12. The multilingual speech method of the character according to claim 11, wherein the sound source production step adds the selected feeling information to the produced sound sources, changes tones thereof, and outputs the changed tones into the voices.

13. The multilingual speech system of the character according to claim 2, wherein the Unicode multilingual database additionally stores language identification information identifying the languages for each nation, and the conversation selection unit selects the spoken words in accordance with the corresponding language by the language identification information.

14. The multilingual speech system of the character according to claim 13, wherein the behavior expression unit includes a voice synthesis unit to output the selected spoken words into voices, and a face expression unit to display the faces according to the selected spoken words on the screen.

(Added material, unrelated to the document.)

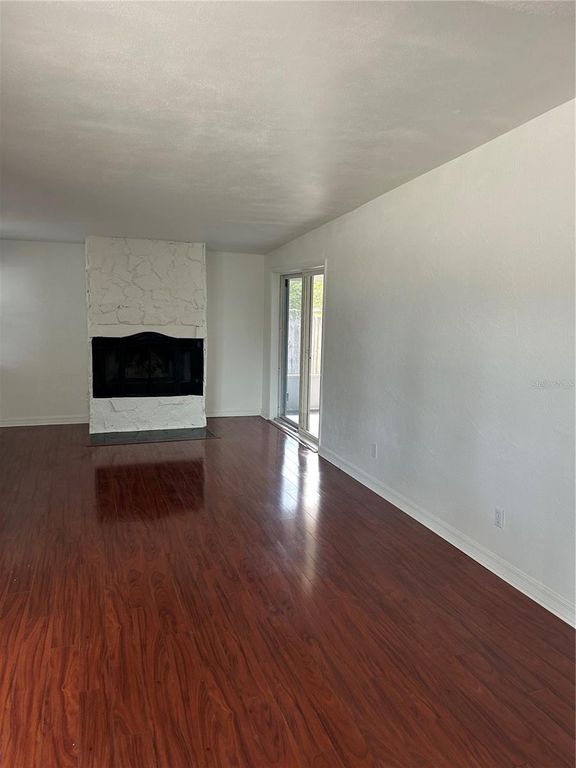 Image 10 of property listing at 4430 SOUTHMORE DRIVE, Orlando, FL 32812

15. The multilingual speech system of the character according to claim 14, wherein the voice synthesis unit extracts consonant and vowel information necessary for producing lip shapes from the spoken words, includes a syntax analysis unit to produce time information pronouncing consonants and vowels changing the lip shapes, and a sound source production unit to produce sound sources corresponding to the selected spoken words and to output the produced sound sources into the voices, and the face expression unit includes a feeling expression unit to select face looks corresponding to feeling expression according to the recognized surroundings and to display the selected face looks on the screen, and a speech expression unit to select the lip shapes necessary for representing the selected spoken words and to display the selected lip shapes on the screen.

16. The multilingual speech system of the character according to claim 15, wherein the face expression unit further includes a look database to store the face looks into images, and a lip shape database to store the lip shape into the images.

17. The multilingual speech system of the character according to claim 15, wherein the work processing unit adds the selected feeling information to the produced sound sources, changes tones thereof, and outputs the changed tones into the voices.